-- Your instructions --
Omit all pictures and transcribe only the lines in the entries below that run from the line with "Little M Stripe" through the line with "1967 KENNEDY HALF".

-- Input material --
= = = = =

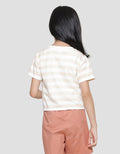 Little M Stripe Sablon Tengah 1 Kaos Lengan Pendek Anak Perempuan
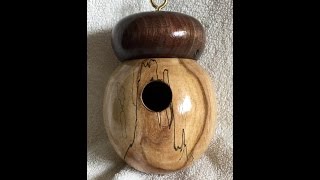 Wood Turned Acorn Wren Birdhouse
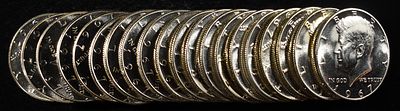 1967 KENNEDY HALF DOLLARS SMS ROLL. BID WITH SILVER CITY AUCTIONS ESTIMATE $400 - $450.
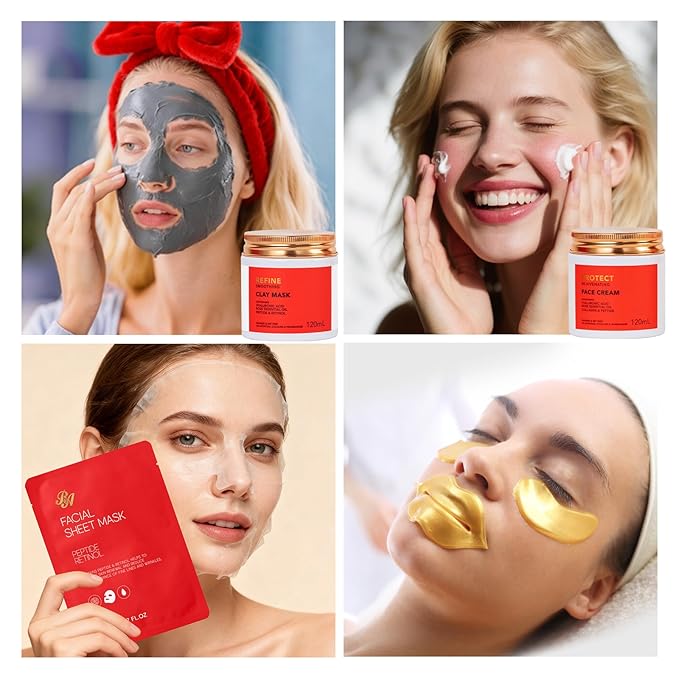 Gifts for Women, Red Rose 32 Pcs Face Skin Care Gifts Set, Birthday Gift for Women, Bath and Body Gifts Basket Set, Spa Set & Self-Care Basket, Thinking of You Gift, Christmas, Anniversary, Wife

= = = = =

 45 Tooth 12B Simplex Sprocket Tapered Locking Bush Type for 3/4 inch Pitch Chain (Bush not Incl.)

= = = = =

-- Response to this task --
 Little M Stripe Sablon Tengah 1 Kaos Lengan Pendek Anak Perempuan
 Wood Turned Acorn Wren Birdhouse
 1967 KENNEDY HALF DOLLARS SMS ROLL. BID WITH SILVER CITY AUCTIONS ESTIMATE $400 - $450.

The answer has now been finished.